Exercise brief: Transcribe, exactly and without pictures, the lines below from the line with "Conjunto de 3" to the line with "juntasuncion's tweet photo.", both ends included, and no others.

Excerpted records:
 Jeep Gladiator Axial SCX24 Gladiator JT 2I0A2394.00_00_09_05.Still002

--

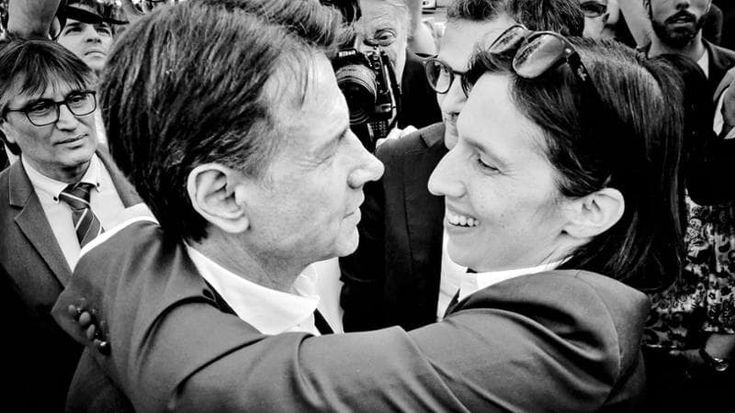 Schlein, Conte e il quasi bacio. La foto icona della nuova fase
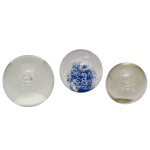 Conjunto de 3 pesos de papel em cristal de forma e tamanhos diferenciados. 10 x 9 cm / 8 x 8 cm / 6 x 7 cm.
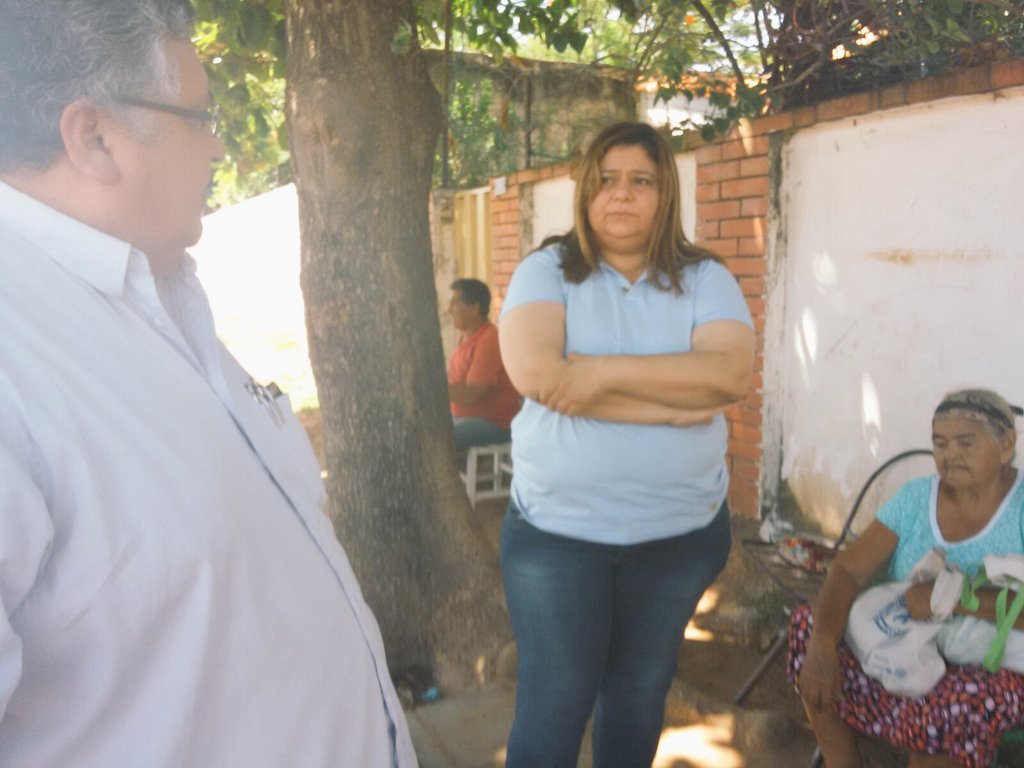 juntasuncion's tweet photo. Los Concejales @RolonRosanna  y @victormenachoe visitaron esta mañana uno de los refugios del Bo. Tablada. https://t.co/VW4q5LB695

Response to this exercise:
 Conjunto de 3 pesos de papel em cristal de forma e tamanhos diferenciados. 10 x 9 cm / 8 x 8 cm / 6 x 7 cm.
 juntasuncion's tweet photo. Los Concejales @RolonRosanna  y @victormenachoe visitaron esta mañana uno de los refugios del Bo. Tablada. https://t.co/VW4q5LB695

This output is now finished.